Die Europäische Flugsicherheitsbehörde EASA hat z.B. seit Jahren vorgegeben, dass Flugzeuge mit Sensoren ausgestattet sein müssen (CS 25.1309), weil sich in der Kabinenluft eines Flugzeugs keine „schädlichen Substanzen“ befinden dürfen (CS 25.831: „free from harmful or hazardous concentrations of gases or vapours“). Kein Flugzeug hat solche Sensoren. Kümmert das jemanden? Das Luftfahrt-Bundesamt etwa? Die Sozialgerichte? Oder die Abgeordneten des Deutschen Bundestags als „Gesetzgeber“?

Nicht viel anders im Kfz-Werkstattgewerbe, das rd. 300.000 Beschäftigte in 37.000 Werkstätten betrifft. Es gibt unzählige Vorschriften zum Thema „Arbeitsschutz“, die Regulierungsdichte ist hierzulande hoch. Vieles ist sinnvoll gemeint. Aber konkrete Vorgaben werden oft durch Vereinfachungsmaßnahmen verwässert und bieten dann Exit-Optionen.

Beispiel § 6 der „Gefahrstoffverordnung“: Darin ist eine „Gefährdungsbeurteilung“ vorgeschrieben beim Umgang mit „gefährlichen Stoffen“ und unter Berücksichtigung von „physikalisch-chemischen Wirkungen“. Wasser oder sogar nur Feuchte gepaart mit Aluminiumstaub ergibt ein hochexplosives Wasserstoffgas-Gemisch. Ein Funke durchs Schweißen und es kracht. Oder allein das Schweißen: Da bilden sich krebserregende Gase und Nano-Partikel – ähnlich wie bei den Diesel-Emissionen. Anderer Gefahrstoff: Benzol. Eine Kfz-Werkstatt ist ein potenzieller Arbeitsunfall-Ort.

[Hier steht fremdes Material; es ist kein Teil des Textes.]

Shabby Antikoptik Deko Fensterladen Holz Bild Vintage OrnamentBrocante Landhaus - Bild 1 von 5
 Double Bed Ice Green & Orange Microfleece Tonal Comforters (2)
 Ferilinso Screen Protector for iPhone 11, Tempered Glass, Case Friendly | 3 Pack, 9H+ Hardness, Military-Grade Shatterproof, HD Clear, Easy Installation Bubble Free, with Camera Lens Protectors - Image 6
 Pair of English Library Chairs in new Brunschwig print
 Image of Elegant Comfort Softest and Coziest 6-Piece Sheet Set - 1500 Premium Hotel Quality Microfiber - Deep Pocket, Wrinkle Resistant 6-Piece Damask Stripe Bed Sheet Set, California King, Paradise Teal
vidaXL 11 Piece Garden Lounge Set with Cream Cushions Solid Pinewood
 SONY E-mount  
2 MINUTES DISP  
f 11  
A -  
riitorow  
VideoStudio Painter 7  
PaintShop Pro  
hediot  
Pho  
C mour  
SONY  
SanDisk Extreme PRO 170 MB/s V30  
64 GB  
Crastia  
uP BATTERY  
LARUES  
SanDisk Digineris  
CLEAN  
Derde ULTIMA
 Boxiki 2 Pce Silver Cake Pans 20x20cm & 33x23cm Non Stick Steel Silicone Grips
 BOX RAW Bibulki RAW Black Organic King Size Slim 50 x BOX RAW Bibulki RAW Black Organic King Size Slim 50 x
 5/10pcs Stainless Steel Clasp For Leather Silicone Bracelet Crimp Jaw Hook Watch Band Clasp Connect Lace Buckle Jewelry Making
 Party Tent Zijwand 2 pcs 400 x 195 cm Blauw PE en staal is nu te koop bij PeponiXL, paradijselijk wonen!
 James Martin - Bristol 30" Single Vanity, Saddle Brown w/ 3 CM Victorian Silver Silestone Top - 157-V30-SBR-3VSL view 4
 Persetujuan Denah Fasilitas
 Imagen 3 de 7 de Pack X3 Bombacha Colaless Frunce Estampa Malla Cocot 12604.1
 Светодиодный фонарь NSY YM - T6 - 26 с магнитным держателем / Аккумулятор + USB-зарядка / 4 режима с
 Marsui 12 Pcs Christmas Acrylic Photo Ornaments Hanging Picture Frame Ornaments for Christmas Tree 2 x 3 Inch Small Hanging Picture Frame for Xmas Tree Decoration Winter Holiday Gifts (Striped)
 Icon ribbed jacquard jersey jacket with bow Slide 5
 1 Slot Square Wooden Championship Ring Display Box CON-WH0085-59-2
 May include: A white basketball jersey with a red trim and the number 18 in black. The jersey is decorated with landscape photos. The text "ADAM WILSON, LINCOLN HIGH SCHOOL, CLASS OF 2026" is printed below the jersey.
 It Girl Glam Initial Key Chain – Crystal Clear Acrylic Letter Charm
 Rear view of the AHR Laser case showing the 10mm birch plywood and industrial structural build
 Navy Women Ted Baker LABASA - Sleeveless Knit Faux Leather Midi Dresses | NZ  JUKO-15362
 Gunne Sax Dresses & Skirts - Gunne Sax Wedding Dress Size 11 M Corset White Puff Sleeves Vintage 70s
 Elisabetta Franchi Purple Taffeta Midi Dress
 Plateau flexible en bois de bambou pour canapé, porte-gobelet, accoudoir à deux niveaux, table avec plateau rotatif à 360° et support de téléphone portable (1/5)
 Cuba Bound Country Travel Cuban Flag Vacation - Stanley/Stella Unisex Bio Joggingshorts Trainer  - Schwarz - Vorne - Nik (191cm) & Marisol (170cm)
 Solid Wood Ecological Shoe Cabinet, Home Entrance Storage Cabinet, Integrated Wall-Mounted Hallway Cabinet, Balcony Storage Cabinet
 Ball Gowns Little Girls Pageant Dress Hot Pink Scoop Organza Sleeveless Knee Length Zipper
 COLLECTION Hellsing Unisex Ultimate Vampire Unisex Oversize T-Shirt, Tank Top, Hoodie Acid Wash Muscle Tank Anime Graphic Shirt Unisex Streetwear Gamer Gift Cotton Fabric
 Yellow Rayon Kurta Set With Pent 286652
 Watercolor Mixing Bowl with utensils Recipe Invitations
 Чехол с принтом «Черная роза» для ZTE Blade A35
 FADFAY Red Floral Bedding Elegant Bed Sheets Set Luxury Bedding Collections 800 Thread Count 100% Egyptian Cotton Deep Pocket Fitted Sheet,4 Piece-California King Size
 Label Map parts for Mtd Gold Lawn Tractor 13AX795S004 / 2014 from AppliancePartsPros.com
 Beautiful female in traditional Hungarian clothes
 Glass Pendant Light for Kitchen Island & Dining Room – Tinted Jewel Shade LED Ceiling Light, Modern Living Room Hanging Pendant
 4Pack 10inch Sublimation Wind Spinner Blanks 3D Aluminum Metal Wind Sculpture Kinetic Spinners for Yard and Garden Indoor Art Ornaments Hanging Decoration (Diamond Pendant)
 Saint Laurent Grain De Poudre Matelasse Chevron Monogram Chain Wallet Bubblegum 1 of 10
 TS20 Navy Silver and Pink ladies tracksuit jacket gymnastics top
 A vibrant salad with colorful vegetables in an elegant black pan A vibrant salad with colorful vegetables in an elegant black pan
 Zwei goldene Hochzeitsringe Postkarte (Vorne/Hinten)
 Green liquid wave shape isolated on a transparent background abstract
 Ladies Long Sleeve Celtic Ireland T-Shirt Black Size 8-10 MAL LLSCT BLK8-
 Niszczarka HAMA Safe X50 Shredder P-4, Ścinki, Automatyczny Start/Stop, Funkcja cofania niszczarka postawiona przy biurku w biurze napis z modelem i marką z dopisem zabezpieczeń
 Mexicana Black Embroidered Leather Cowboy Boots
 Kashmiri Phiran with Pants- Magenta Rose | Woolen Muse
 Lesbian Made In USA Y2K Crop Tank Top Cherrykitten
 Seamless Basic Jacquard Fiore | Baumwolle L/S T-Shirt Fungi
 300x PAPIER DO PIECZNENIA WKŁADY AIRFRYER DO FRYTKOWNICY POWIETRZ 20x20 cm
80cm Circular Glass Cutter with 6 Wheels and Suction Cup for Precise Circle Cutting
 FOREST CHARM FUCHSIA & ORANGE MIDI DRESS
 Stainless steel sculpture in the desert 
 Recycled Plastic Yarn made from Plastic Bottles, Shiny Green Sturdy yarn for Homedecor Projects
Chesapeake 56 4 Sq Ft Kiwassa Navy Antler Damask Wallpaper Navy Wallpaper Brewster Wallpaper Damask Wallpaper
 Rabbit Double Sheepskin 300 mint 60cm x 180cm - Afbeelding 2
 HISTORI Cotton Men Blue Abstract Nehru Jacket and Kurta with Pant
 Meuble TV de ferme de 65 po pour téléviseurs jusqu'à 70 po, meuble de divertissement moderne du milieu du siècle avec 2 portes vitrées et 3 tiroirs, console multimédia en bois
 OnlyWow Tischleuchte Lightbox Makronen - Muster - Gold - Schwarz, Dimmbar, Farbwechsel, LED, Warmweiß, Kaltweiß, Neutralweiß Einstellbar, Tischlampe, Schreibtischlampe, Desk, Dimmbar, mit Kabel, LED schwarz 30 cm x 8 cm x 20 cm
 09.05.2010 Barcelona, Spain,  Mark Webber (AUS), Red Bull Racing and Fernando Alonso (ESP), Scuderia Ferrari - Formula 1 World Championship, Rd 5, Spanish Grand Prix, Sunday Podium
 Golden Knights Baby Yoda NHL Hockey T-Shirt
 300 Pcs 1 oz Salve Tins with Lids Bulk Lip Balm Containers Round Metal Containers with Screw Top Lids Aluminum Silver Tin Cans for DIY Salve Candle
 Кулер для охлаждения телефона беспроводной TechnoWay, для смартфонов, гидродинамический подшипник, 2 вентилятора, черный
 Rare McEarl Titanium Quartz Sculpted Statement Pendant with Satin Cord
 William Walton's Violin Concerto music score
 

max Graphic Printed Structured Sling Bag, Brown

Deshalb sind „Messungen“ vorgeschrieben. Die aber durch „andere geeignete Methoden“ ersetzbar sind.

In der Praxis funktioniert das jetzt so: Die Bundesanstalt für Arbeitsschutz und Arbeitsmedizin (BAuA) hat dazu ein „Einfaches Maßnahmenkonzept Gefahrstoffe“ ausgedacht, kurz EMKG. Da heißt es, dass man auf „Messungen von vergleichbaren Arbeitsplätzen“ zurückgreifen könne. Und die Unfallversicherungsträger böten dafür „Hilfestellungen“.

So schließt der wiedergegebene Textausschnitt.